Would you transcribe only the lines from the one holding "T-shirt en coton" through the end of the material, exactly, without any pictures?

Provided data:
- - -

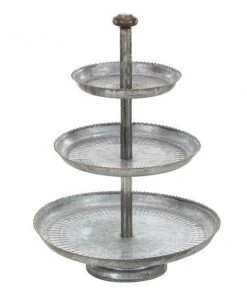 Grayson Lane Farmhouse 3 Tier Tray Stand- Grey Iron - 23-in X 16-in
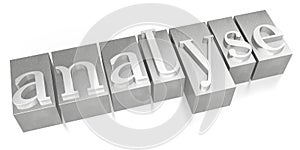 Analyse - silver letterpress - 3D illustration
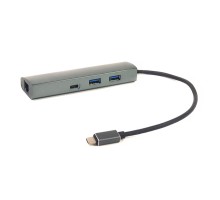 Переходник PowerPlant USB 3.0 2 порта + 1 порт Type-C USB 3.1 + Gigabit Ethernet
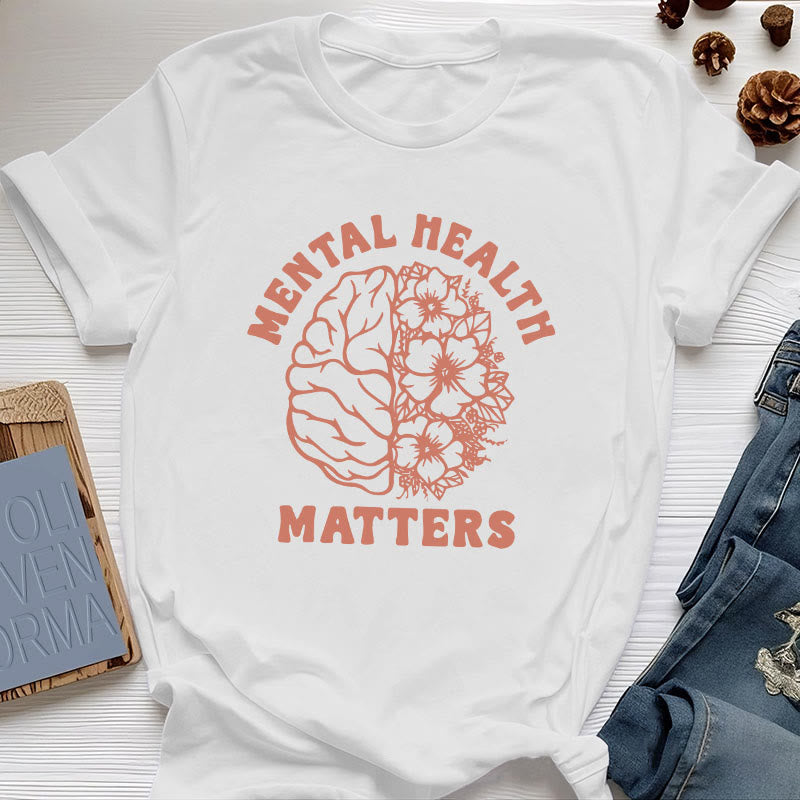 T-shirt en coton inspirant Olivenorma « LA SANTÉ MENTALE COMPTE » - Blanc - 2XL - image 5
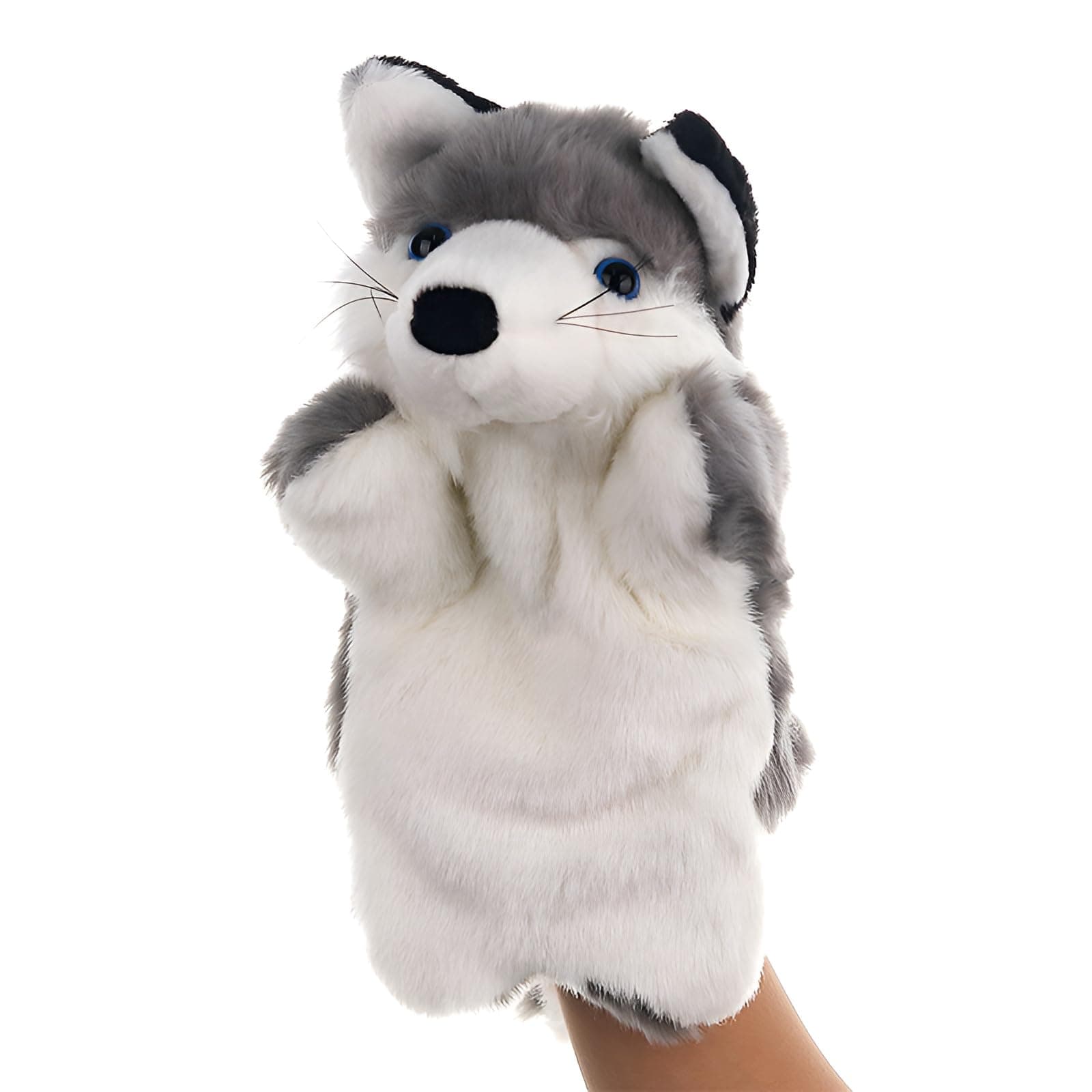 LOMTRATS Hund, Kaninchen, Elefant, Taube, Drache, Ziege, Koala, Panda, Bär, Schaf, Kuh, Handpuppen, Plüschtiere, Spielzeug für fantasievolles Rollenspiel, Geschichtenerzählen, Geschenke für Kinder Grauer Fuchs Normal Size Angebot bei HelloDeals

- - -

Exercise answer:
 T-shirt en coton inspirant Olivenorma « LA SANTÉ MENTALE COMPTE » - Blanc - 2XL - image 5
 LOMTRATS Hund, Kaninchen, Elefant, Taube, Drache, Ziege, Koala, Panda, Bär, Schaf, Kuh, Handpuppen, Plüschtiere, Spielzeug für fantasievolles Rollenspiel, Geschichtenerzählen, Geschenke für Kinder Grauer Fuchs Normal Size Angebot bei HelloDeals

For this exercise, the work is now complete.